Avengers v. X-men opens with the Phoenix Force returning to Earth. The Avengers want to stop it, because of that whole “Dark Phoenix” thing, while Cyclops (the X-Men’s assumed leader) wants to accept it, as he sees the force as a way to save mutan kind. It’s a pretty clever device, being that any comics fan can relate to both sides of the argument, likely having allegiances with both teams of super heros.
I’m going to try and avoid the temptation to completely nerd out on the series, because that’s not my intention, however I think it’s completely insane that Avengers V. X-Men is a story line that not only completes a story arc that is over 8 years old, but that the main tension comes from a story arch that is almost 30 years old. This is why major title comics are great.
Near the middle of Avengers V. X-men, The Phoenix Force is split, and inhabits five X-men at the same time. Listed among the “Phoenix Five” is Cyclops. He’s a very interesting character.

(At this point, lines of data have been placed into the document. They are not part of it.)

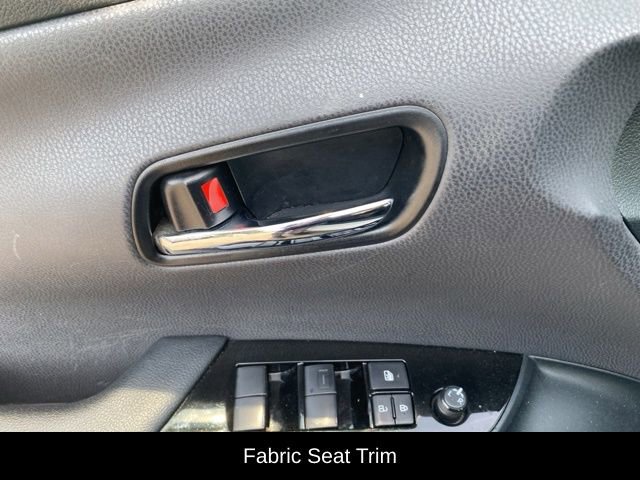 Used 2022 Toyota Prius LE image 11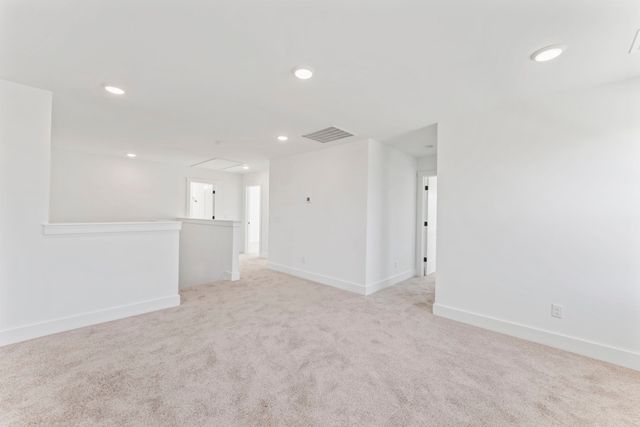 1232 Valley Ridge Drive, Gallatin, TN 37066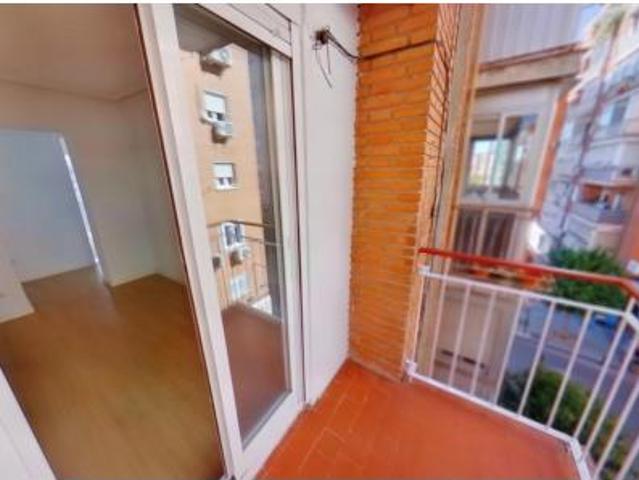 Piso Venta Alcorcón, Casco Antiguo
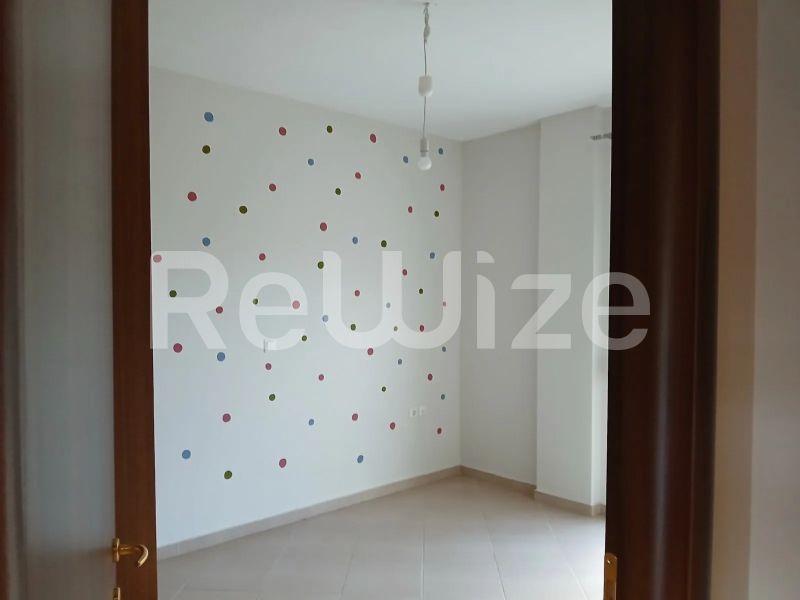 Photo 5,Bedroom,SALE,Residency,Apartment,67sqm,€157,000,Agia Paraskevi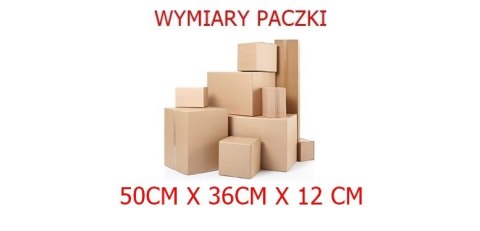 STOJAK ROWEROWY UCHWYT 3 MIEJSCOWY METALOWY NOWY EU-TRADE STOJAK ROWEROWY UCHWYT 3 MIEJSCOWY METALOWY NOWY EU-TRADE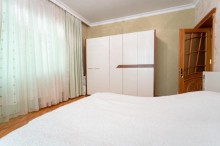 razinde villa satisi, -9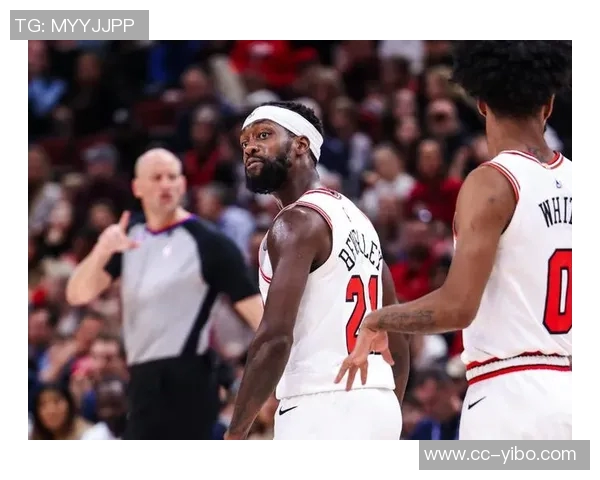 热火记者揭秘巴特勒更衣室掌控欲强烈音乐选择全由他决定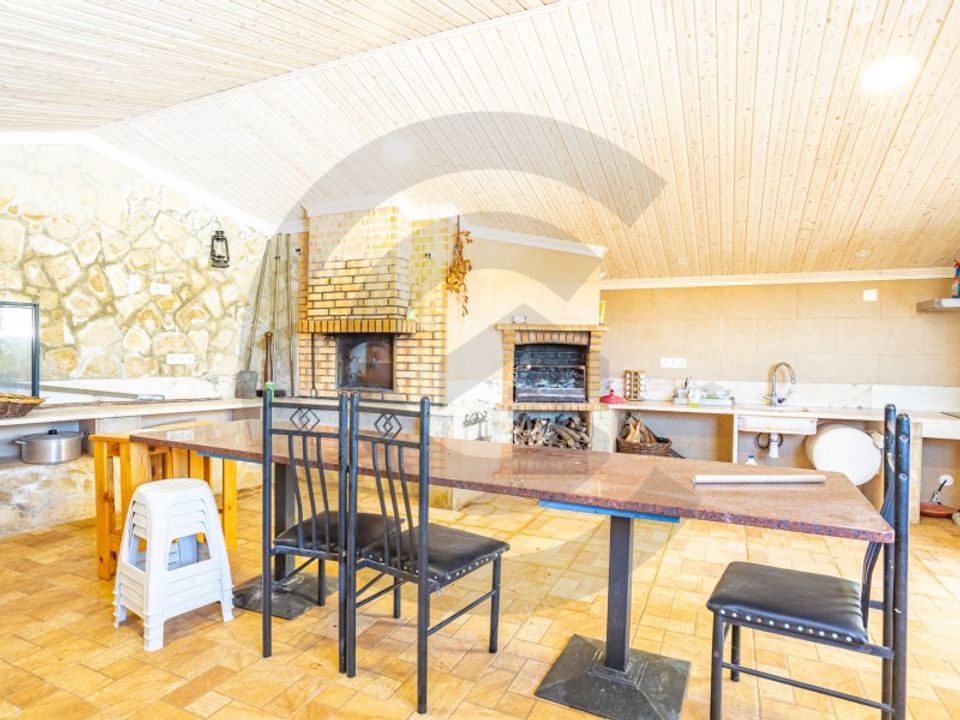 Villa a Ourem, Santarem - foto 3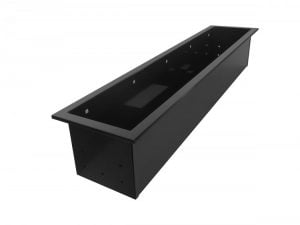 Inbouw frame HEATSTRIP Intense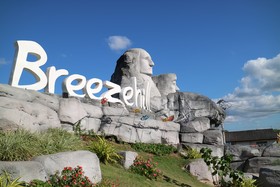 Breeze Hill Khao Kho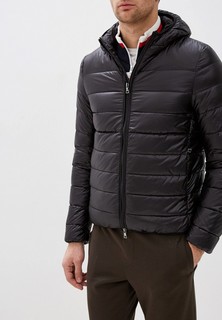 Пуховик Seventy 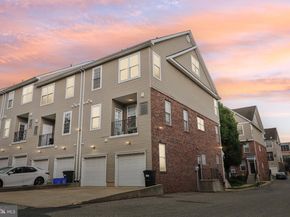 39 Brewerytown Court, Philadelphia PA 19121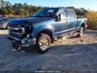 FORD F-250 XLT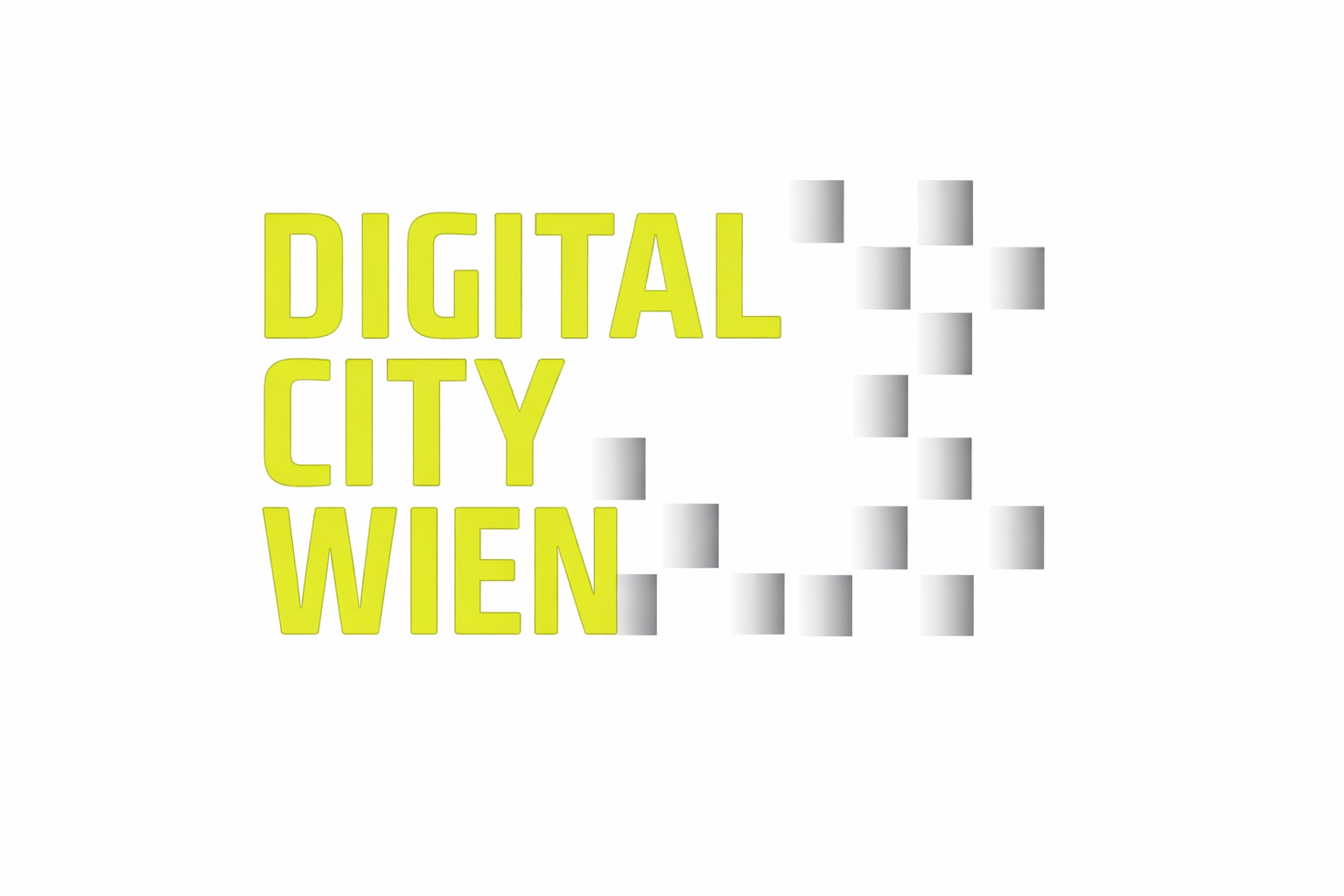 Digital City Wien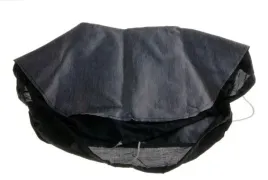 pokrowiec-c-360-skaja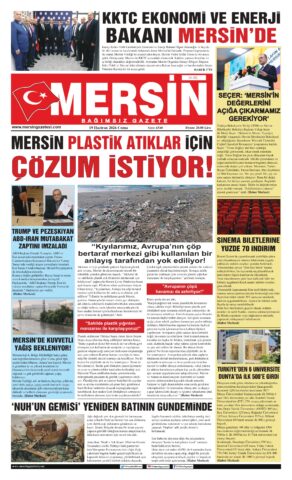 Yayın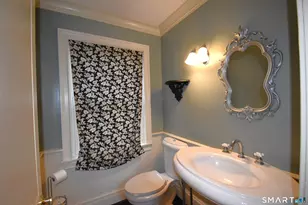 378 Lathrop Rd, Plainfield, CT 06374 - Photo 29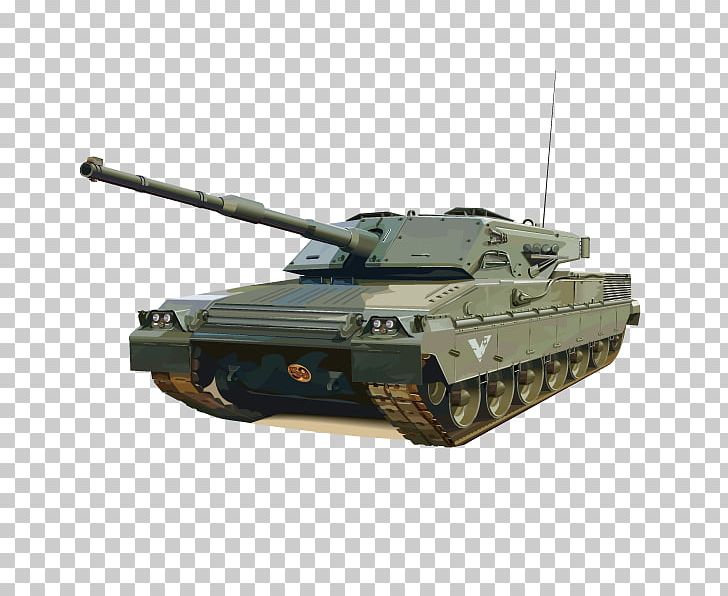 Main Battle Tank Military Army PNG, Clipart, Armoured Fighting Vehicle ...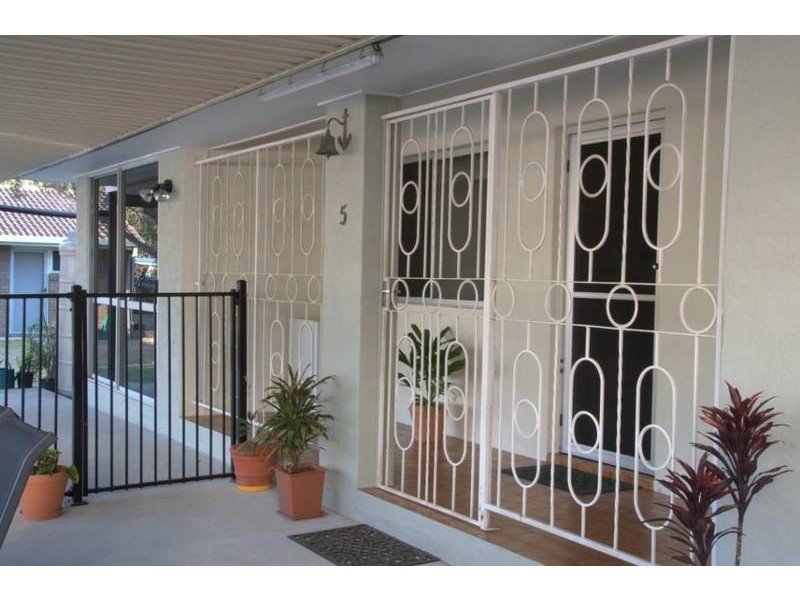 5 Airlie Court, Bray Park QLD 4500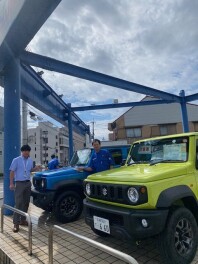 【９月２０日限定】！！！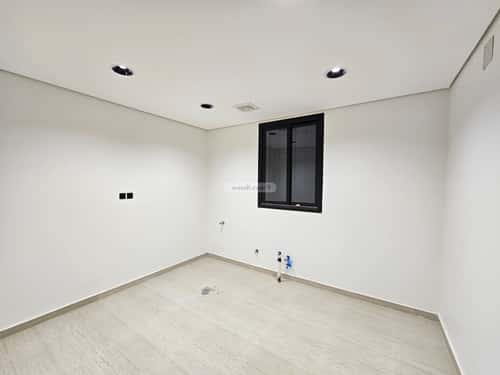 Floor with 4 Bedrooms Al Bayan, East Riyadh, Riyadh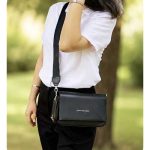 کیف سیکو کد 3804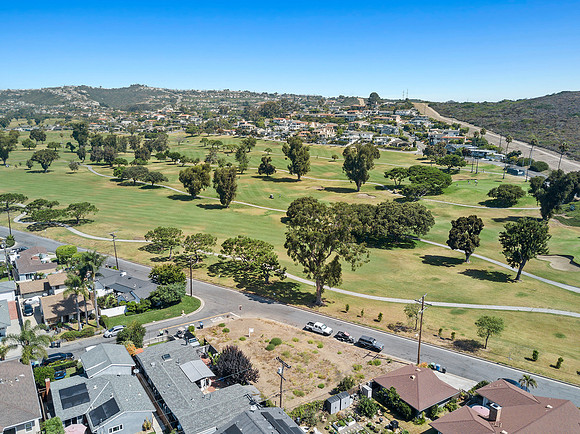 Aerial3Web
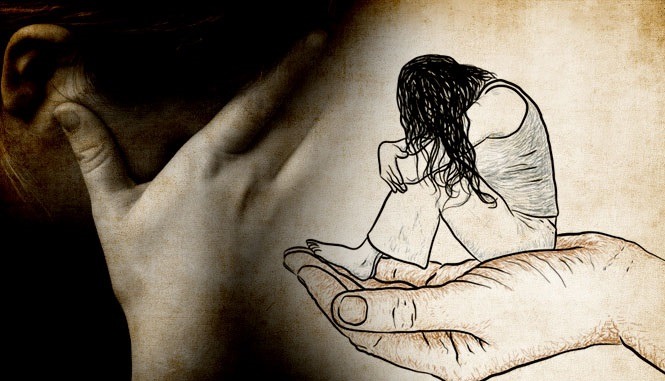 भारत लैजाने क्रममा तीन किशोरीको उद्धार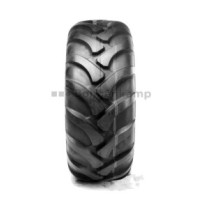 Pneumatika BKT 650 / 45 - 22.5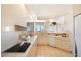 1 Serisier Avenue, Main Beach QLD 4217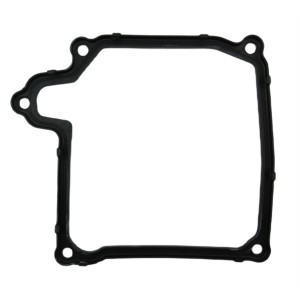 OHK DICHTUNGSSATZ MIT KOLBEN DQ250 02E DSG6 03+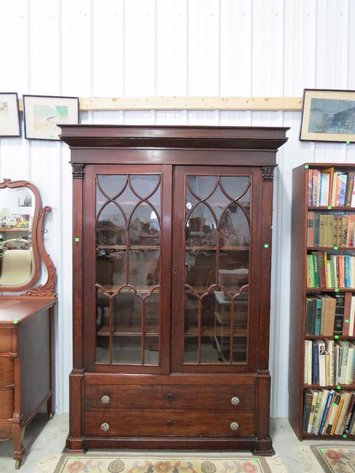 Image for Tinkling Springs Gallery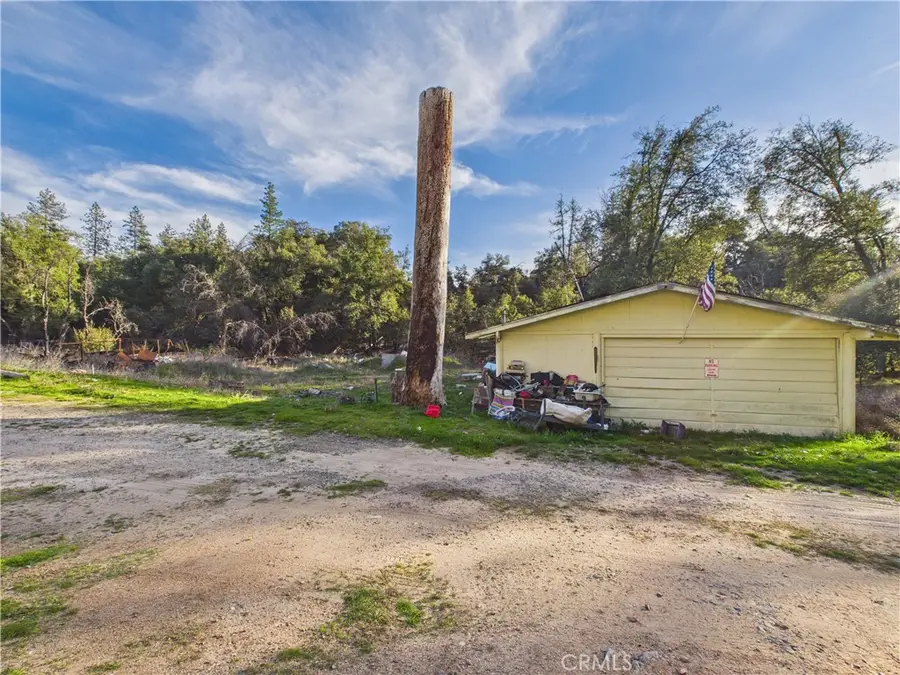 4847 Whitmore, Mariposa, CA 95338 - #3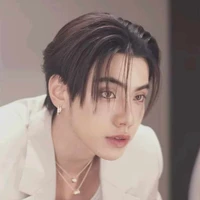 คุณภีม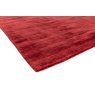 Blade Rug - Berry Blade Rug - Berry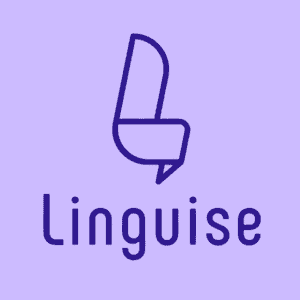 linguise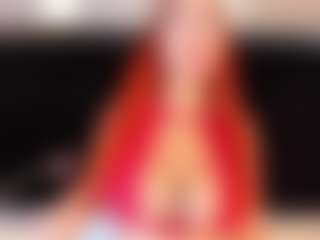 LiaTink's Live Sex Cam Show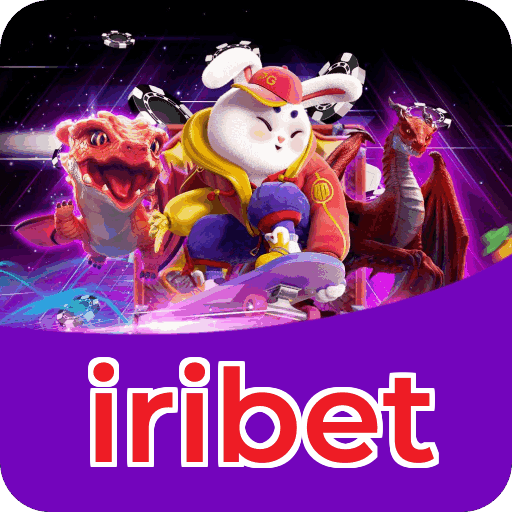 Fortune Tiger - PG Soft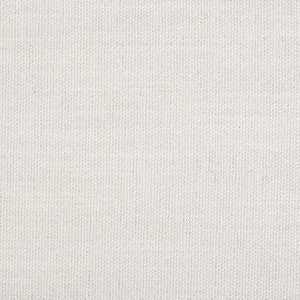 Magnolia Fabric Crypton Home Daily Snow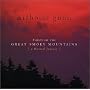 Through the Great Smoky Mountains: A Musical Journ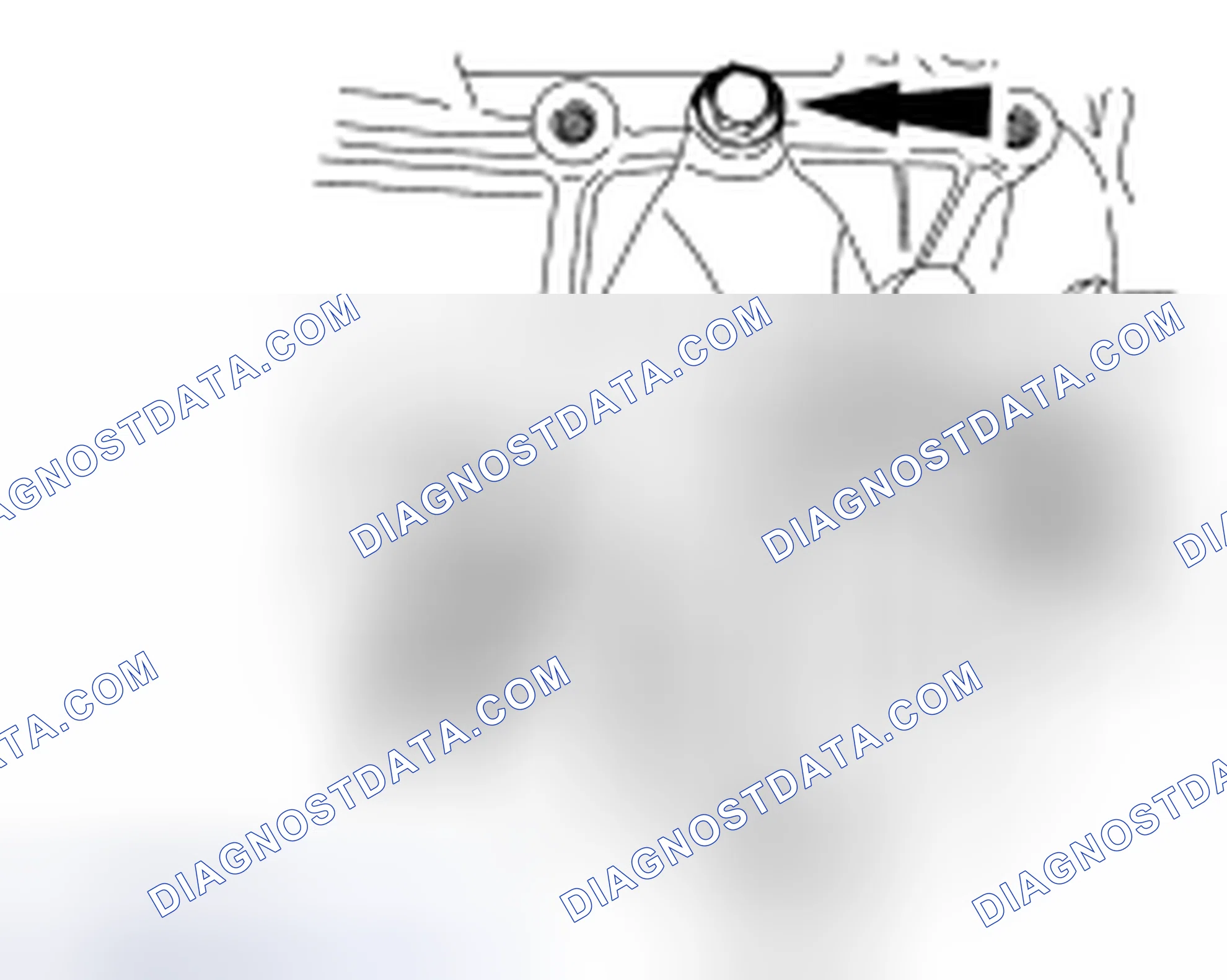 Scheme 196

As I mentioned earlier, he is currently the leader of the X-Men and, as such, the spokesperson for the entirety of the mutant race. This is a natural evolution for his character, as his first appearance was in X-Men #1, as a team lead under Professor X.
Cyclops has always been portrayed as a boy scout, this goody two-shoes who always follows the rules. It’s endearing if not, at times, annoying. In the original Phoenix Saga, Cyclops is faced with the reality of Jean Grey’s death who, by the way, is the woman he loves. It’s heart wrenching, because there is a pause across several issues in which the reader knows Jean Grey has to die, even though Cyclops hasn’t quite put that together.
Since House of M, Marvel has done a lot to change Cyclops’ character. Where he begins as a moral compass, he evolves into a morally compromised and reluctant leader. This comes to a head in Avengers V X-men, where we watch Cyclops slowly corrupt into his own terrifying version of The Dark Phoenix.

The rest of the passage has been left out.